SEOUL -- North Korean leader Kim Jong Un attended a test of an unspecified new "tactical" weapon, in a demonstration of the nation's military power as talks over the denuclearization of the Korean Peninsula remain deadlocked.
State media reported Friday that Kim was satisfied with the test of the "ultramodern" weapon that has been in development since the time of Kim's late father, Kim Jong Il, who died in 2011. The Korean Central News Agency did not say what type of device had been tested, and South Korea's defense ministry said that it is analyzing the weapon.
"It will protect our territory tightly and strengthen capability of people's army significantly," KCNA said. "The test was successful by meeting all of its prominent and powerful conditions."
The announcement comes a day after U.S. Vice President Mike Pence said that a second summit between President Donald Trump and Kim will likely take place next year. At their historical meeting in Singapore in June, the two leaders pledged to cooperate toward the denuclearization of the peninsula, without providing a detailed plan or timetable.
The U.S. has repeatedly called on the North to disclose its nuclear holdings and give inspectors from the International Atomic Energy Agency access to nuclear facilities.

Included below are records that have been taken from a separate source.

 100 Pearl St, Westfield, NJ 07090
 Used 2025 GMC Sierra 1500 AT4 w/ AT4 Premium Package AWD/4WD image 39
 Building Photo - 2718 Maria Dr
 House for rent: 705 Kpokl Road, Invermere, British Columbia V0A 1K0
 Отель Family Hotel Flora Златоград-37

Pyongyang has said it is ready to accept inspections, but only in exchange for an end to sanctions and a joint declaration officially ending the Korean War.
Experts said that North Korea used the weapon test to express its frustration with the U.S.'s stance.

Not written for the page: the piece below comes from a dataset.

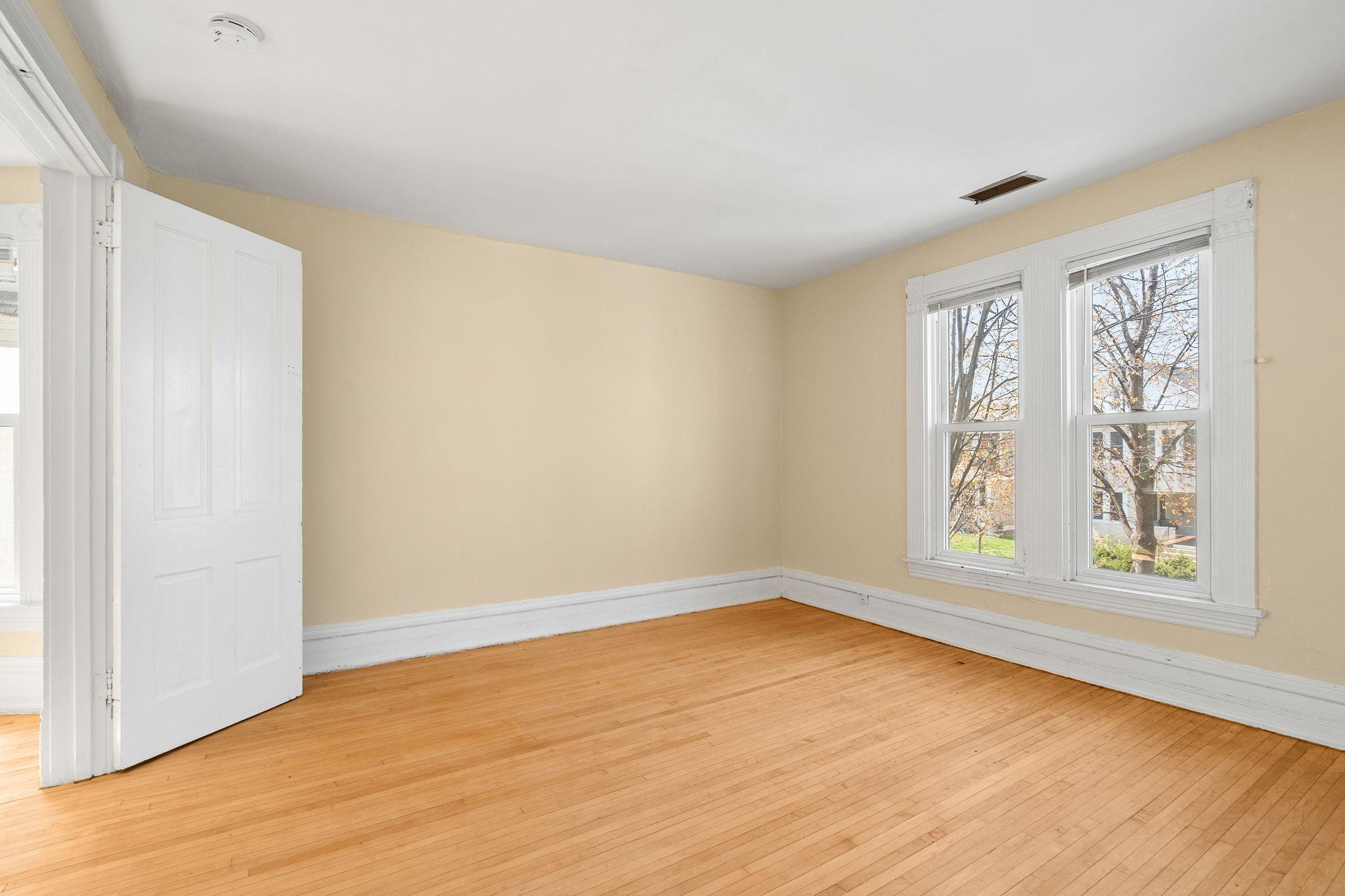 2745 Aldrich Avenue S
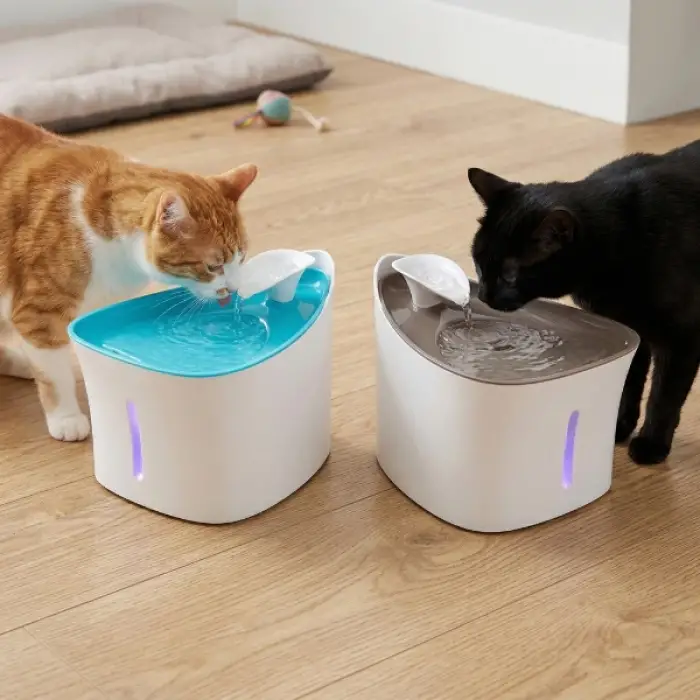 Gri Plastik Otomatik Kedi Su Pınarı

"North Korea seems to be upset that the U.S. is pushing it not to develop missiles even though they have not yet agreed on this," said Kim Jun-hyung, a professor at Handong Global University in Pohang, South Korea. "It will also pressure the U.S. to come to the table quickly."
Youngshik Bong, a researcher at Yonsei University's Institute for North Korean Studies in Seoul, said the main purpose of the KCNA report was to pressure the U.S. to accept North Korea's demands on lifting sanctions.
Ralph Cossa, president of the Pacific Forum CSIS in Honolulu, speculated that the weapon is likely for defensive purposes.
"They made a point of describing it as an ultra modern defensive tactical weapon, i.e. not strategic (nuclear) or offensive but for the defense of the nation," said Cossa. "It's all business as usual, including KCNA highlighting Kim's every move and utterance."